549 French-Canadian associations or institutions were invited to appoint a delegate to the assizes. 261 such delegates were appointed and 167 participated to the event.

- Exterior delegation

The delegates representing the French-Canadian and Acadian minority groups numbered 430 people. Representing 17% of the French-speaking population of Canada, they were grouped into three regions: Ontario which had the right to 201 delegates sent 88, Acadia (or the Maritime provinces) sent 85 of 124 possible delegates and Western Canada sent 91 of 96. There were accordingly 364 delegates representing francophones from Canada outside Quebec. Francophone minorities from the United States were not represented, but they were numerous among the observers.

- Observers

491 observer passes were emitted by the Estates General. 437 people made use of such passes. Among the observers were four diplomats (three consuls of France and one ambassador from Rwanda), 11 members of the Quebec or Canadian parliament, seven senior officials, 11 delegated from Franco-American institutions and one delegate from Belgium, 23 academics and councillors, 66 representatives of various associations or institutions, 177 individual observers, and 92 representatives of the printed press.

== Progress ==
Before the opening of the national assizes, the delegation received some "basic documents" and "working papers" prepared by the general commission from the resulting work of the preliminary assizes. According to the general commission, the intention behind these somewhat technical documents were to "lay down on a realistic and reasoned basis" the particular problems of French Canada while remaining accessible to the public. In doing this, the commission attempted to give a direction to the discussion so that it does not produce "dialogues of the deaf which turn to fist fight or bawling out" that never fail to occur when the constitutional options available to French Canadians are at issue. Still according to the general commission, these options were described as the status quo, cooperative federalism, a particular status, associated state, or full sovereignty.

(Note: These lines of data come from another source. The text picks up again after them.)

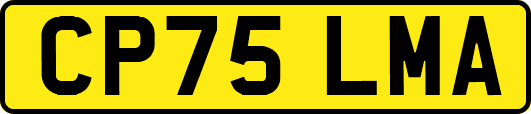 CP75LMA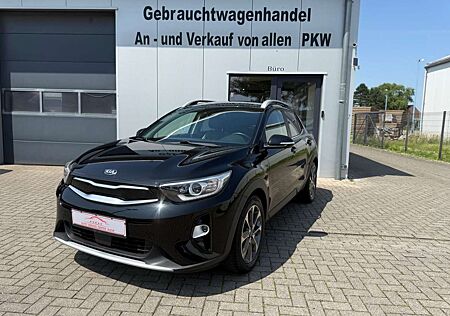 Kia Stonic Spirit*RFK*NAVI*SHZ*LHZ*APPLEANDROID*DAB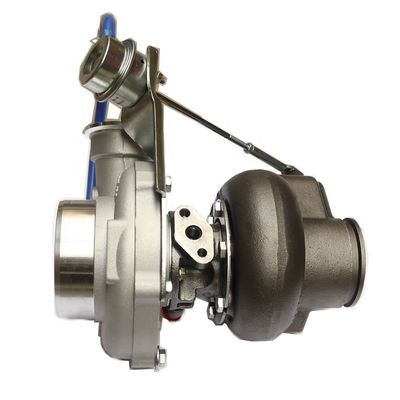 Boost Your Bus and Truck Engine Performance with Diesel Turbocharger
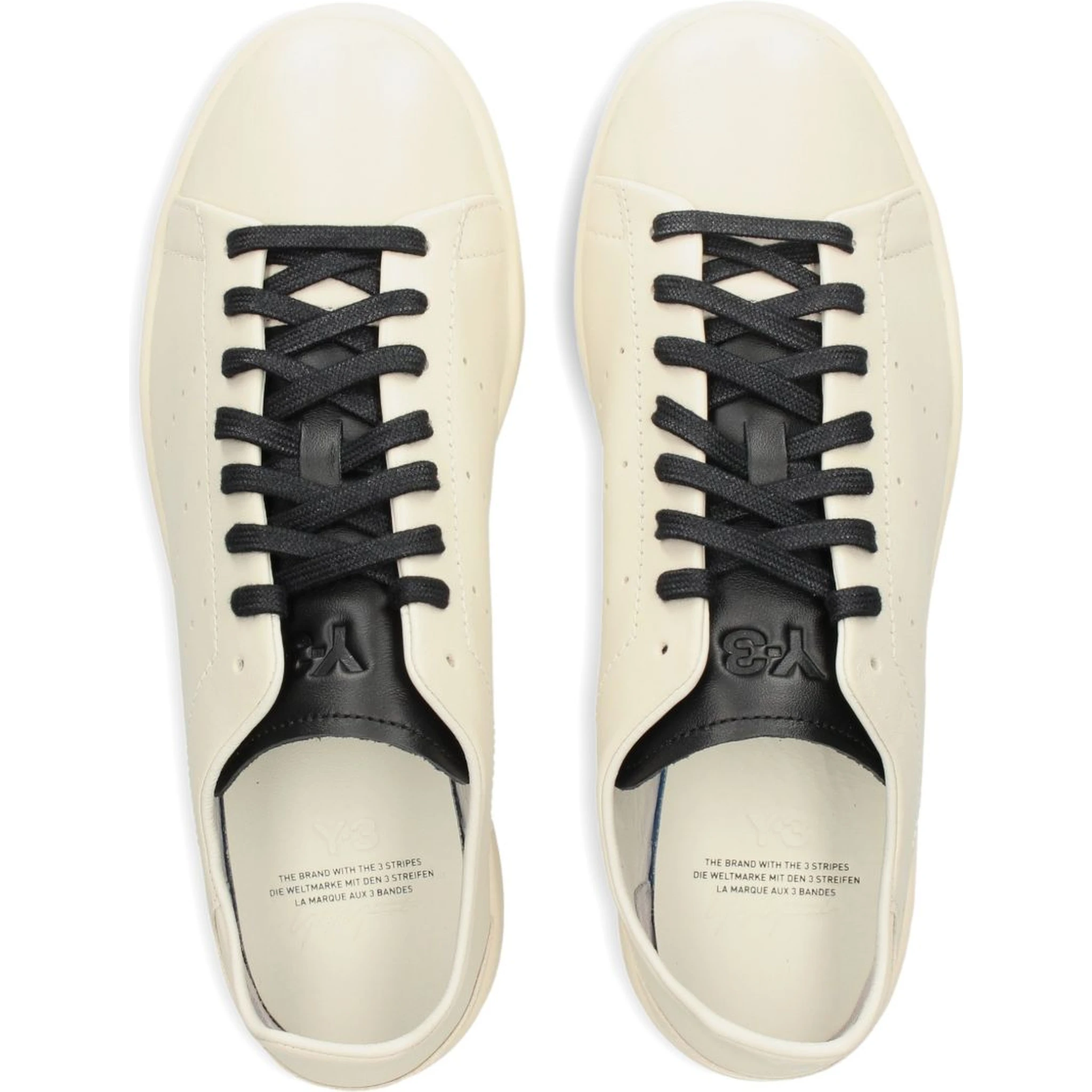 Y-3 Sneakers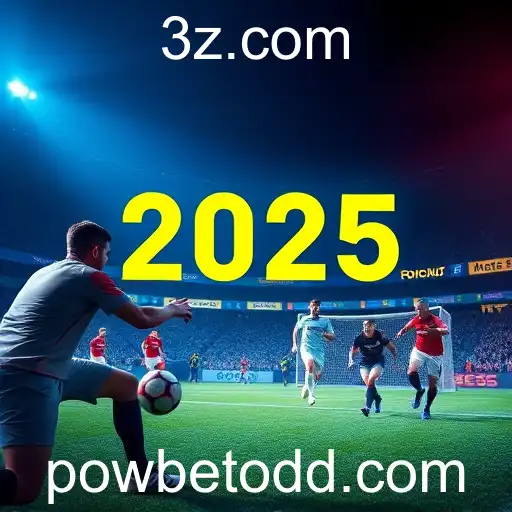 A Ascensão do Powbet no Cenário de Apostas Online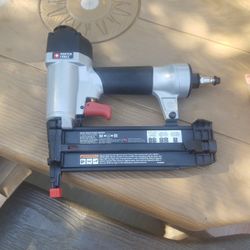Porter Cable Nail Gun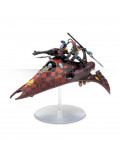 Starweaver Voidweaver Tejestrellas Harlequin Aeldari Eldar Warhammer 40.000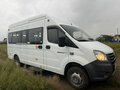 2018 ГАЗ ГАЗель Next, белый, 960000 рублей - вид 2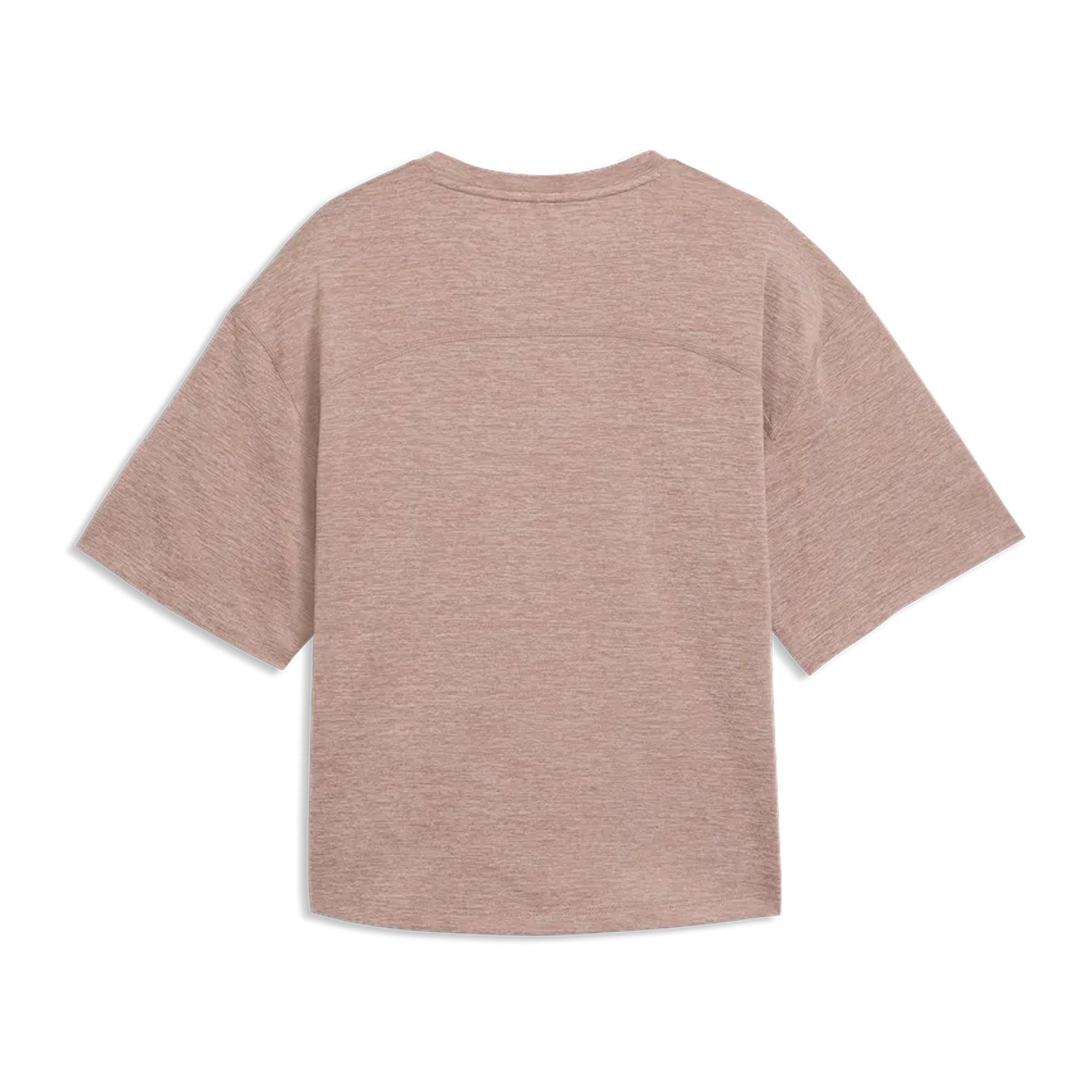 Puma Cloudspun Relaxed Shirt Dames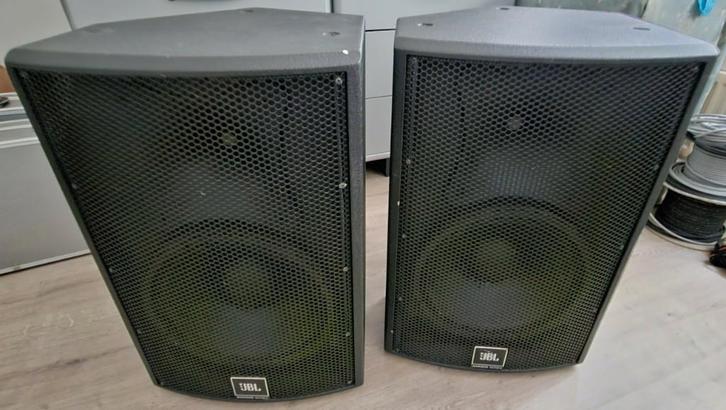JBL Marquis MS112, Audio, Tv en Foto, Luidsprekers, Zo goed als nieuw, Overige typen, 120 watt of meer, JBL, Ophalen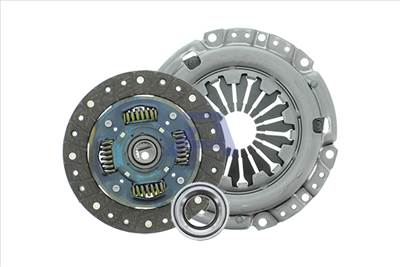 AISIN KS-052A - kuplungszett NISSAN OPEL SUZUKI VAUXHALL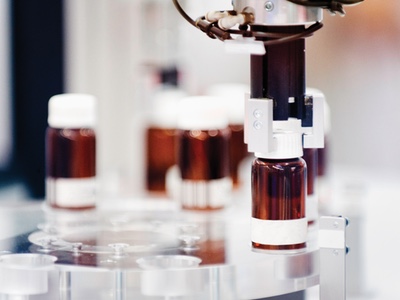 The impact of serialisation requirements on packaging operations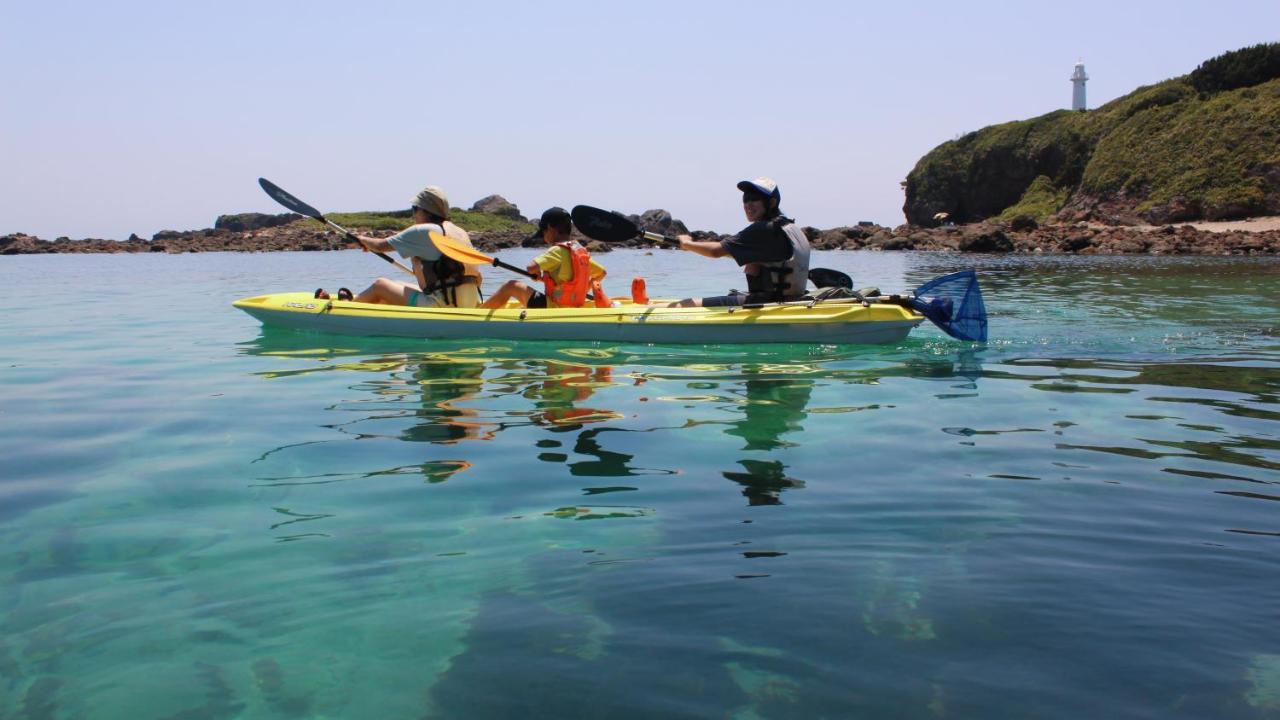 Shimoda Tokyu Hotel Exterior photo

During the opening session of November 23, the general assembly of delegated listened to an introductory prayer by Mgr Paul Grégoire, a speech by Mayor of Montreal Jean Drapeau, a posthumous tribute to Lionel Groulx presented by the executive director of the Estates General Rosaire Morin, and finally a speech by Jacques-Yvan Morin, president general of the organizing commission. The premier of Quebec, Daniel Johnson, and the leader of the opposition, Jean Lesage, each communicated a message. The delegates then adopted the rules and procedures of the national assizes, which consisted of six "technical projects": 1) the procedures governing the study groups, 2) the procedure of the workshops (revision groups), 3) the procedure of the general assemblies, 4) the voting mechanism, 5) the election of the general commission, and 6) the agenda or program of the assizes.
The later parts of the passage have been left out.